3 times over the past 48 hours, we had about a 6X spike in traffic lasting a few hours. The server handled it each time, but just barely. This was almost all bad-bot traffic (or maybe failed DOS attempts). I need to set up some sort of wall to automatically block this while it's happening (not by manually going through the logs the next day). Of course, fail2ban comes up a lot in my searching, but I can't find any good examples or documentation to know if it fits for me.
I need to implement a filter for apache that ignores most of the log depending on a regex for both the url requested, as well as the user-agent. And only then starts determining if an IP is hitting us too much.
The problem is that I can't just use a simple threshold ban on ip addresses. Every legitimate page request is immediately followed by lots of other requests for supporting content (GET /images/...; GET /extensions/...; GET /skins/...), so just blocking anyone who made even 10 requests in 2 seconds would catch almost everyone. I need to filter these entries out of any calculations, and count only the top-level requests.

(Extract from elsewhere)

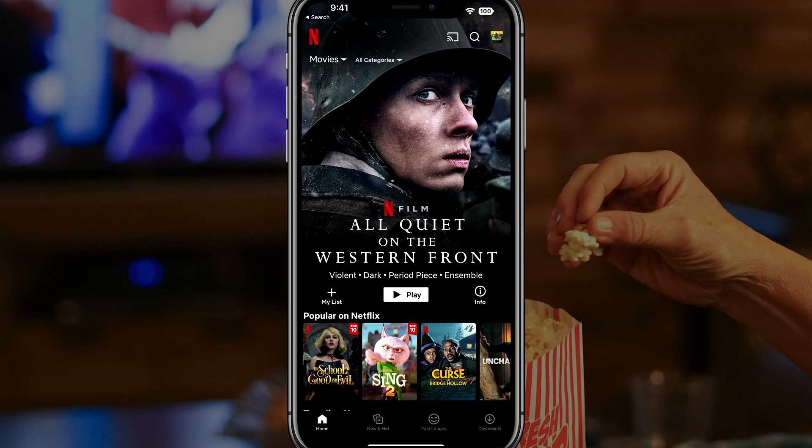Hello, and welcome to another tutorial video. Today I'm going to show you how to download TV shows and movies from Netflix.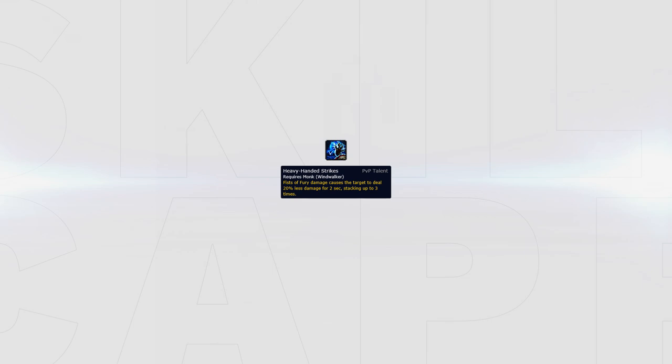Heavy Handed Strikes reduces the damage a target does by 20% for 2 seconds, stacking up to 3 times whenever they're hit by Fists of Fury. This talent offers a lot of value if used during burst windows to reduce the enemy team's damage. Since most Melee Cleaves train one target and stack for the majority of the game, you can apply this debuff to multiple targets at once versus Melee Cleaves.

But even if I get it to only look at top-level requests (so now maybe I ban on 20 requests in 10 minutes), then my problem will be that I could easily block crawlers that I'm happy to serve pages to (GoogleBot, Slurp, etc), so I also want it to skip those.
Is Fail2Ban or any other product out there this robust? I can get the info I need rather quickly with a couple of grep -v statements, but is there an existing program that already does this?